= Your assignment =
Omit the images and reproduce the rest of the entries exactly.

-- Entries shown follows --

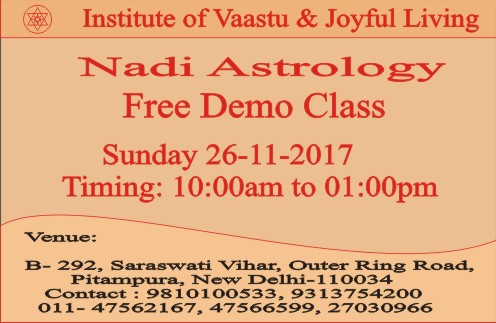 vaastu astrology Palmistry vastu consultant delhi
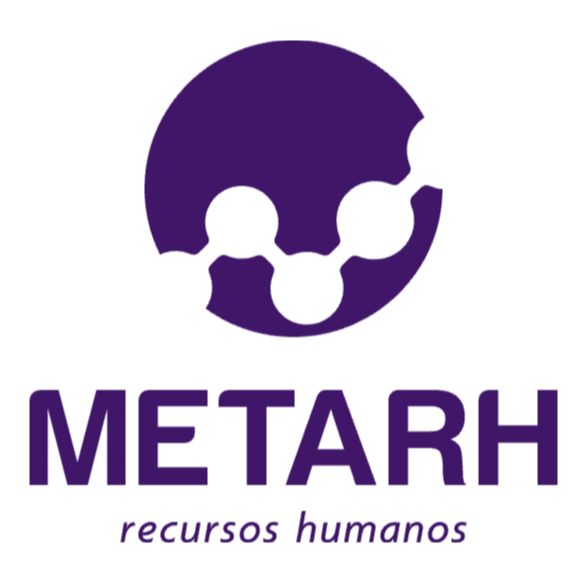 Grupo Meta RH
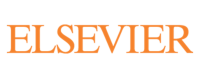 Biochemical Engineering Journal by Elsevier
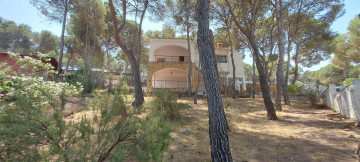 Casas o chalets-Venta-Torres Torres-2353550-Foto-64-Carrousel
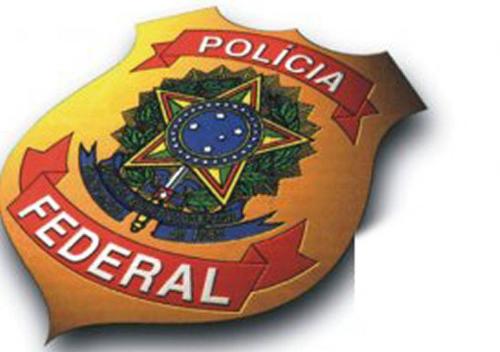 PF fará concurso para 600 vagas; edital sai em 4 meses
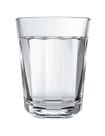 Copo de Dose Americano 45ml vidro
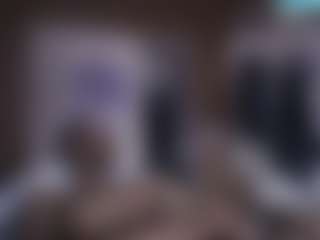 Live-sekscamshow van Dirty_Phx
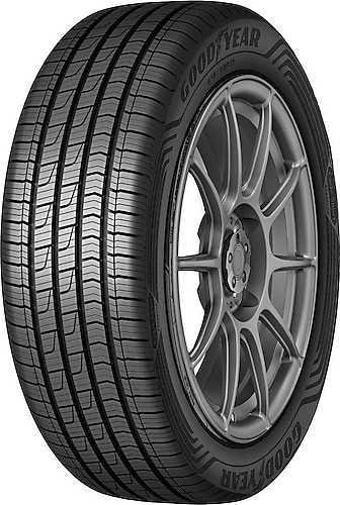 Goodyear 195/50R15 82H Eagle Sport 4 Seasons 4 Mevsim Lastik (2024)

-- Entries shown concluded --

= Response to this exercise =
 vaastu astrology Palmistry vastu consultant delhi
 Grupo Meta RH
 Biochemical Engineering Journal by Elsevier
 Casas o chalets-Venta-Torres Torres-2353550-Foto-64-Carrousel
 PF fará concurso para 600 vagas; edital sai em 4 meses
 Copo de Dose Americano 45ml vidro
 Live-sekscamshow van Dirty_Phx
 Goodyear 195/50R15 82H Eagle Sport 4 Seasons 4 Mevsim Lastik (2024)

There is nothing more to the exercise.